Find the string "Image" in the records. Copy each line that has it.

■ ■ ■ ■ ■ ■ ■

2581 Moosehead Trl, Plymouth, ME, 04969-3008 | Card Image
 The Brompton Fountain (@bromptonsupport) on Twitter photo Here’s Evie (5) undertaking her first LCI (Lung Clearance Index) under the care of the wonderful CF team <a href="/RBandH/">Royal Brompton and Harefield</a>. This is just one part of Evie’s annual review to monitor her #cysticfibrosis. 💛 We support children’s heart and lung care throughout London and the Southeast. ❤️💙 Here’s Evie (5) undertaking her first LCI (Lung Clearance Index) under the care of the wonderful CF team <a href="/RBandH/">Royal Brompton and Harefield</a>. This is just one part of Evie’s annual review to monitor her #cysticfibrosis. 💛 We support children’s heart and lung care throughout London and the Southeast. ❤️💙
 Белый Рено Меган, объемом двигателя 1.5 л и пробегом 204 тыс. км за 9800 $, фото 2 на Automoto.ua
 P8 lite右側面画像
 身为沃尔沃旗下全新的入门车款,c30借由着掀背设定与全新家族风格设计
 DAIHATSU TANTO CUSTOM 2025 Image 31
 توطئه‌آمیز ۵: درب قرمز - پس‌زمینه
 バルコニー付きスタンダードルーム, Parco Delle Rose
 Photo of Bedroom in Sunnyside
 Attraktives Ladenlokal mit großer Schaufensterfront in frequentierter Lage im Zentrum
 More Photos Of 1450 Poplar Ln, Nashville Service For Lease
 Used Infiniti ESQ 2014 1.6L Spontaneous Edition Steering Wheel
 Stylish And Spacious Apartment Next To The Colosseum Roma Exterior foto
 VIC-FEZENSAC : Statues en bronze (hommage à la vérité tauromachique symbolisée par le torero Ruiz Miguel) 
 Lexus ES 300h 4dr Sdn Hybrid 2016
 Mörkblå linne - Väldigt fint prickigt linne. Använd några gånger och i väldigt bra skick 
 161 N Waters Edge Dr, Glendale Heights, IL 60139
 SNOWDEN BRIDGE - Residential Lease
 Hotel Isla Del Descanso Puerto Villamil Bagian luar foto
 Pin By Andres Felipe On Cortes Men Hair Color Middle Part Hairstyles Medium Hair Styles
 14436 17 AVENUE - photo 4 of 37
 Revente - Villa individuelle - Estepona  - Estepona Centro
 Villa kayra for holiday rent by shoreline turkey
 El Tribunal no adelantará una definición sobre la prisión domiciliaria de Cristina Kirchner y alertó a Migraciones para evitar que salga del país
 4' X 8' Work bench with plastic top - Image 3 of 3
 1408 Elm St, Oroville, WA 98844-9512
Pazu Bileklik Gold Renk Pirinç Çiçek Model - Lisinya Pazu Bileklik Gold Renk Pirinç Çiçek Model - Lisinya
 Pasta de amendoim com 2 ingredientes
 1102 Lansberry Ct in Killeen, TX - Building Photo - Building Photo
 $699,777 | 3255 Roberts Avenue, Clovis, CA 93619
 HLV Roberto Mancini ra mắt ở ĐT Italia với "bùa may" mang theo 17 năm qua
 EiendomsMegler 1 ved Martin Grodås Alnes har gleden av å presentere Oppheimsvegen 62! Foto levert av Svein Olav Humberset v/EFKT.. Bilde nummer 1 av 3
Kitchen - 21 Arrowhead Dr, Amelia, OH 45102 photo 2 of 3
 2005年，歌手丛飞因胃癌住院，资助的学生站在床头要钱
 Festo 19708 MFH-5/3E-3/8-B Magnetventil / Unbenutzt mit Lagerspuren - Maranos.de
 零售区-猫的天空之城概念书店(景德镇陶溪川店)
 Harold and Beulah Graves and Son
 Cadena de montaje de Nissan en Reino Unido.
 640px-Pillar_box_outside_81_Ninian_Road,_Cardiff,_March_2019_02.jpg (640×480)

■ ■ ■ ■ ■ ■ ■

## ANSWER BELOW
2581 Moosehead Trl, Plymouth, ME, 04969-3008 | Card Image
 DAIHATSU TANTO CUSTOM 2025 Image 31
 4' X 8' Work bench with plastic top - Image 3 of 3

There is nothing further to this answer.